PROVIDED DATA →
=-=-=-=-=

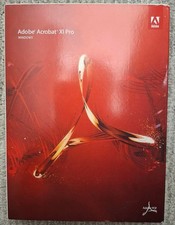 New Adobe Acrobat XI 11 Pro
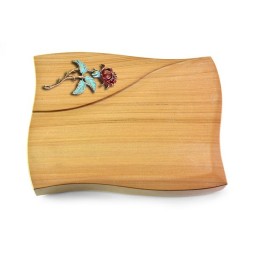 Grabstein Firenze/Woodland Rose 2 (Color)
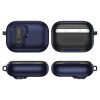 Tech-Protect Slim Hook Hülle für Apple AirPods Pro 3, Navy Blue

=-=-=-=-=

EXERCISE OBJECTIVE →
Omit the pictures, and quote the material above exactly as given.

ANSWER TO THIS TASK →
 New Adobe Acrobat XI 11 Pro
 Grabstein Firenze/Woodland Rose 2 (Color)
 Tech-Protect Slim Hook Hülle für Apple AirPods Pro 3, Navy Blue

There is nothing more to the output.